- Exercise aim -
Here are some records. Copy each one exactly.

##### Source information

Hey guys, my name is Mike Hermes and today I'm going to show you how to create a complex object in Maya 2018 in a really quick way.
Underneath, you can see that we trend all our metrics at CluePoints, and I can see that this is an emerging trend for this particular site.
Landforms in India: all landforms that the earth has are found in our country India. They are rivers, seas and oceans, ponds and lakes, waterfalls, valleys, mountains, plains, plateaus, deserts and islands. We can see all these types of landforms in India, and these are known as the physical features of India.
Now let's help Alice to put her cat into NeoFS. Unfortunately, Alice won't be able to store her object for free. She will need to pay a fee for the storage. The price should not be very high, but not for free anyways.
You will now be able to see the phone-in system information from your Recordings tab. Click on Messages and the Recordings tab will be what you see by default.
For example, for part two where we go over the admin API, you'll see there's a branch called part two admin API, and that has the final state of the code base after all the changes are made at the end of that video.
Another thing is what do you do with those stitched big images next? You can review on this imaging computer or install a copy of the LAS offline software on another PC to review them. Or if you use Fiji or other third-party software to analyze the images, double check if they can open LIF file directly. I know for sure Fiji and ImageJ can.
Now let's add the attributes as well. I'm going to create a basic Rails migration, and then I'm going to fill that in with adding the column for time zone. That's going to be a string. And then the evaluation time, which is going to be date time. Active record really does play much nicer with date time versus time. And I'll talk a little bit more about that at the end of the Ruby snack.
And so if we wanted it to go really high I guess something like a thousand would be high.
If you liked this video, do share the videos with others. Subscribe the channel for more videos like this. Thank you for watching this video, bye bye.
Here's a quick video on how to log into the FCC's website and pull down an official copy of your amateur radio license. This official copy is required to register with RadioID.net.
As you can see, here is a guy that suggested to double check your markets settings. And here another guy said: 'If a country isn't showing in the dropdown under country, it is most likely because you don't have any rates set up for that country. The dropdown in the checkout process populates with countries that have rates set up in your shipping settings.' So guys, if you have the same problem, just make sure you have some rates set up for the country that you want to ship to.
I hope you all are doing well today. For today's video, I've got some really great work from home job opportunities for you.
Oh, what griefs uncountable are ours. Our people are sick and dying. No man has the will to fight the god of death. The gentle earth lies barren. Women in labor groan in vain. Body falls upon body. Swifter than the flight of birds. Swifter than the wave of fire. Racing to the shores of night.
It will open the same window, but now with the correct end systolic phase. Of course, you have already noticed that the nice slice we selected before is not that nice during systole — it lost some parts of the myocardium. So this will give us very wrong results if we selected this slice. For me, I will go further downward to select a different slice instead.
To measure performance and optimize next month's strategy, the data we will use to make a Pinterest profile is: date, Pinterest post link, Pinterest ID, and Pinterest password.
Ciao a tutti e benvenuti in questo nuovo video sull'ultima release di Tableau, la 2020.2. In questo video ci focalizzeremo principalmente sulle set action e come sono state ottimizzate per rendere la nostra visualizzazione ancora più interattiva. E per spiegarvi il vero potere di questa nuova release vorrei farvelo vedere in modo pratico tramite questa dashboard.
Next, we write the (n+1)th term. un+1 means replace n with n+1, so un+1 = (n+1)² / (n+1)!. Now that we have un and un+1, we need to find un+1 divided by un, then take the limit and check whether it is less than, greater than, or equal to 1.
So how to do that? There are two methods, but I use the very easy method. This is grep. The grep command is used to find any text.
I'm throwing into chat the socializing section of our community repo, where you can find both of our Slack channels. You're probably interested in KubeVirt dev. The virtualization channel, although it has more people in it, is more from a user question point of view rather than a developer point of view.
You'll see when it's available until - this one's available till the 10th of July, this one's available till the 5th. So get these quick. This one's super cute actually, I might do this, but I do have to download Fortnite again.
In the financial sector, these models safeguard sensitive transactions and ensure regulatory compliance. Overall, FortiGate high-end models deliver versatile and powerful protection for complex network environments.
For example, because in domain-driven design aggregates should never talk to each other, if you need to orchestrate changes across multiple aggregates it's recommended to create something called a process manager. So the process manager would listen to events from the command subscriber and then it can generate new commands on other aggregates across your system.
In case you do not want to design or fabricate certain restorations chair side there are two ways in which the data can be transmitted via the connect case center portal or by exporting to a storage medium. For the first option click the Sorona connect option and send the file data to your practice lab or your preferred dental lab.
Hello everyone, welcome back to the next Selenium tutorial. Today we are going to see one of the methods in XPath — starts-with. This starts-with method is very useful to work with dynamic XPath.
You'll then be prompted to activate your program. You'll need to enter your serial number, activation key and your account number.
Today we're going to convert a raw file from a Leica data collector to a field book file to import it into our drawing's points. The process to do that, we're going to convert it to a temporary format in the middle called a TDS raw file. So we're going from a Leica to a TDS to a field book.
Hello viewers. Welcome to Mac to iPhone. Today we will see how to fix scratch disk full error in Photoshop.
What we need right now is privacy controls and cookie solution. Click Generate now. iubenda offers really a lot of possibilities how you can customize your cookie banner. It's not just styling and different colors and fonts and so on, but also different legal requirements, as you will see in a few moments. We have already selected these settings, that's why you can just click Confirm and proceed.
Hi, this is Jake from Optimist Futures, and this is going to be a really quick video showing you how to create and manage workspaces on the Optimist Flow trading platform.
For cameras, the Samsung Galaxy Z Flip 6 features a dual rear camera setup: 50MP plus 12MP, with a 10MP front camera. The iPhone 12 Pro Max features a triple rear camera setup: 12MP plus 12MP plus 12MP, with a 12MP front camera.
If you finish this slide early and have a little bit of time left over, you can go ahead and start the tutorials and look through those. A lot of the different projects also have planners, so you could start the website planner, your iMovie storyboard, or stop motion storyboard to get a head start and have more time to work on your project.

##########

- Response to this task -
Hey guys, my name is Mike Hermes and today I'm going to show you how to create a complex object in Maya 2018 in a really quick way.
Underneath, you can see that we trend all our metrics at CluePoints, and I can see that this is an emerging trend for this particular site.
Landforms in India: all landforms that the earth has are found in our country India. They are rivers, seas and oceans, ponds and lakes, waterfalls, valleys, mountains, plains, plateaus, deserts and islands. We can see all these types of landforms in India, and these are known as the physical features of India.
Now let's help Alice to put her cat into NeoFS. Unfortunately, Alice won't be able to store her object for free. She will need to pay a fee for the storage. The price should not be very high, but not for free anyways.
You will now be able to see the phone-in system information from your Recordings tab. Click on Messages and the Recordings tab will be what you see by default.
For example, for part two where we go over the admin API, you'll see there's a branch called part two admin API, and that has the final state of the code base after all the changes are made at the end of that video.
Another thing is what do you do with those stitched big images next? You can review on this imaging computer or install a copy of the LAS offline software on another PC to review them. Or if you use Fiji or other third-party software to analyze the images, double check if they can open LIF file directly. I know for sure Fiji and ImageJ can.
Now let's add the attributes as well. I'm going to create a basic Rails migration, and then I'm going to fill that in with adding the column for time zone. That's going to be a string. And then the evaluation time, which is going to be date time. Active record really does play much nicer with date time versus time. And I'll talk a little bit more about that at the end of the Ruby snack.
And so if we wanted it to go really high I guess something like a thousand would be high.
If you liked this video, do share the videos with others. Subscribe the channel for more videos like this. Thank you for watching this video, bye bye.
Here's a quick video on how to log into the FCC's website and pull down an official copy of your amateur radio license. This official copy is required to register with RadioID.net.
As you can see, here is a guy that suggested to double check your markets settings. And here another guy said: 'If a country isn't showing in the dropdown under country, it is most likely because you don't have any rates set up for that country. The dropdown in the checkout process populates with countries that have rates set up in your shipping settings.' So guys, if you have the same problem, just make sure you have some rates set up for the country that you want to ship to.
I hope you all are doing well today. For today's video, I've got some really great work from home job opportunities for you.
Oh, what griefs uncountable are ours. Our people are sick and dying. No man has the will to fight the god of death. The gentle earth lies barren. Women in labor groan in vain. Body falls upon body. Swifter than the flight of birds. Swifter than the wave of fire. Racing to the shores of night.
It will open the same window, but now with the correct end systolic phase. Of course, you have already noticed that the nice slice we selected before is not that nice during systole — it lost some parts of the myocardium. So this will give us very wrong results if we selected this slice. For me, I will go further downward to select a different slice instead.
To measure performance and optimize next month's strategy, the data we will use to make a Pinterest profile is: date, Pinterest post link, Pinterest ID, and Pinterest password.
Ciao a tutti e benvenuti in questo nuovo video sull'ultima release di Tableau, la 2020.2. In questo video ci focalizzeremo principalmente sulle set action e come sono state ottimizzate per rendere la nostra visualizzazione ancora più interattiva. E per spiegarvi il vero potere di questa nuova release vorrei farvelo vedere in modo pratico tramite questa dashboard.
Next, we write the (n+1)th term. un+1 means replace n with n+1, so un+1 = (n+1)² / (n+1)!. Now that we have un and un+1, we need to find un+1 divided by un, then take the limit and check whether it is less than, greater than, or equal to 1.
So how to do that? There are two methods, but I use the very easy method. This is grep. The grep command is used to find any text.
I'm throwing into chat the socializing section of our community repo, where you can find both of our Slack channels. You're probably interested in KubeVirt dev. The virtualization channel, although it has more people in it, is more from a user question point of view rather than a developer point of view.
You'll see when it's available until - this one's available till the 10th of July, this one's available till the 5th. So get these quick. This one's super cute actually, I might do this, but I do have to download Fortnite again.
In the financial sector, these models safeguard sensitive transactions and ensure regulatory compliance. Overall, FortiGate high-end models deliver versatile and powerful protection for complex network environments.
For example, because in domain-driven design aggregates should never talk to each other, if you need to orchestrate changes across multiple aggregates it's recommended to create something called a process manager. So the process manager would listen to events from the command subscriber and then it can generate new commands on other aggregates across your system.
In case you do not want to design or fabricate certain restorations chair side there are two ways in which the data can be transmitted via the connect case center portal or by exporting to a storage medium. For the first option click the Sorona connect option and send the file data to your practice lab or your preferred dental lab.
Hello everyone, welcome back to the next Selenium tutorial. Today we are going to see one of the methods in XPath — starts-with. This starts-with method is very useful to work with dynamic XPath.
You'll then be prompted to activate your program. You'll need to enter your serial number, activation key and your account number.
Today we're going to convert a raw file from a Leica data collector to a field book file to import it into our drawing's points. The process to do that, we're going to convert it to a temporary format in the middle called a TDS raw file. So we're going from a Leica to a TDS to a field book.
Hello viewers. Welcome to Mac to iPhone. Today we will see how to fix scratch disk full error in Photoshop.
What we need right now is privacy controls and cookie solution. Click Generate now. iubenda offers really a lot of possibilities how you can customize your cookie banner. It's not just styling and different colors and fonts and so on, but also different legal requirements, as you will see in a few moments. We have already selected these settings, that's why you can just click Confirm and proceed.
Hi, this is Jake from Optimist Futures, and this is going to be a really quick video showing you how to create and manage workspaces on the Optimist Flow trading platform.
For cameras, the Samsung Galaxy Z Flip 6 features a dual rear camera setup: 50MP plus 12MP, with a 10MP front camera. The iPhone 12 Pro Max features a triple rear camera setup: 12MP plus 12MP plus 12MP, with a 12MP front camera.
If you finish this slide early and have a little bit of time left over, you can go ahead and start the tutorials and look through those. A lot of the different projects also have planners, so you could start the website planner, your iMovie storyboard, or stop motion storyboard to get a head start and have more time to work on your project.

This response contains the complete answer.